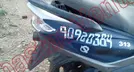 SUZUKI 125 CC 2019, foto 15 de 19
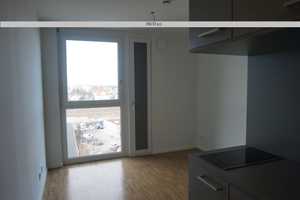 Geschmackvolle 1-Raum-DG-Wohnung in München Pasing, Zweitbezug, Studenten Apartment  – Landsberger Straße 441, 81241 München – Vorschaubild 10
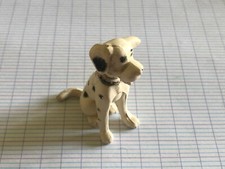 FIGURINE CHIEN DALMATIEN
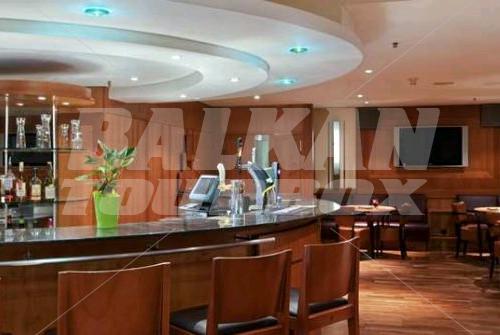 почивка в Hilton Prague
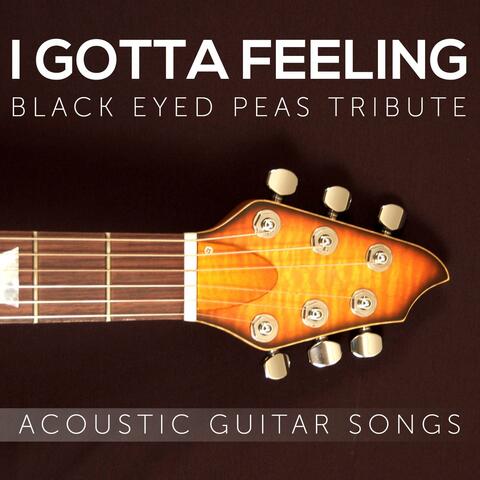 I Gotta Feeling - Black Eyed Peas Tribute - Single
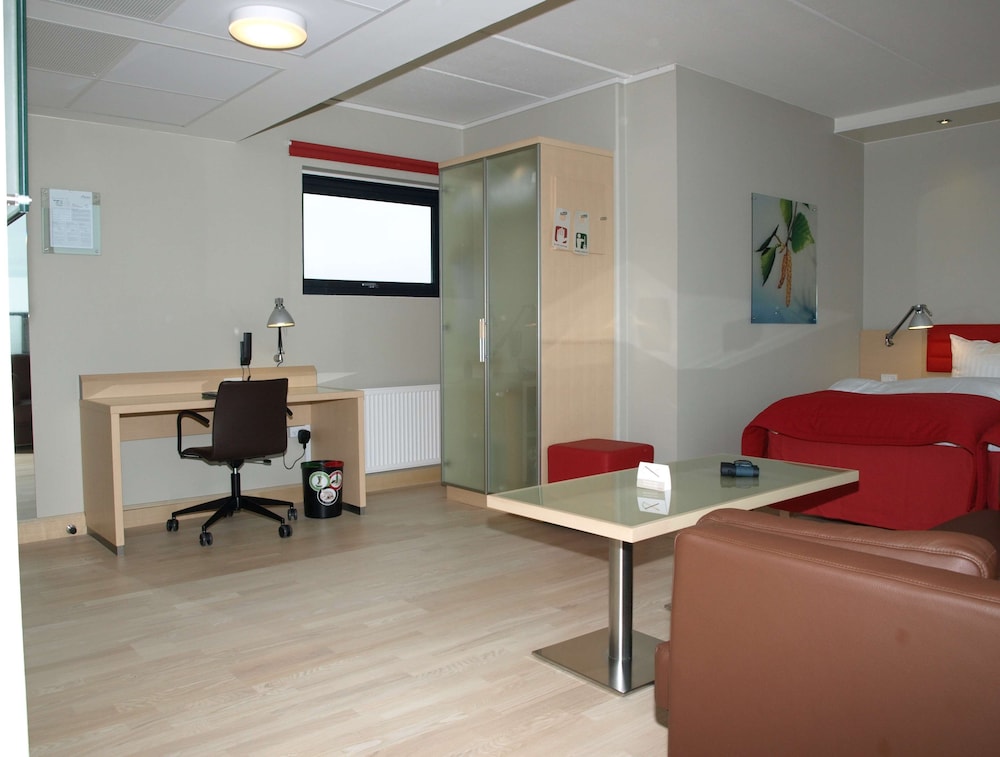 Junior Suite - Photo 4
-------
**What is needed:**
The job here is to write out the records exactly, pictures excluded.

**Answer to this problem:**
 SUZUKI 125 CC 2019, foto 15 de 19
 Geschmackvolle 1-Raum-DG-Wohnung in München Pasing, Zweitbezug, Studenten Apartment  – Landsberger Straße 441, 81241 München – Vorschaubild 10
 FIGURINE CHIEN DALMATIEN
 почивка в Hilton Prague
 I Gotta Feeling - Black Eyed Peas Tribute - Single
 Junior Suite - Photo 4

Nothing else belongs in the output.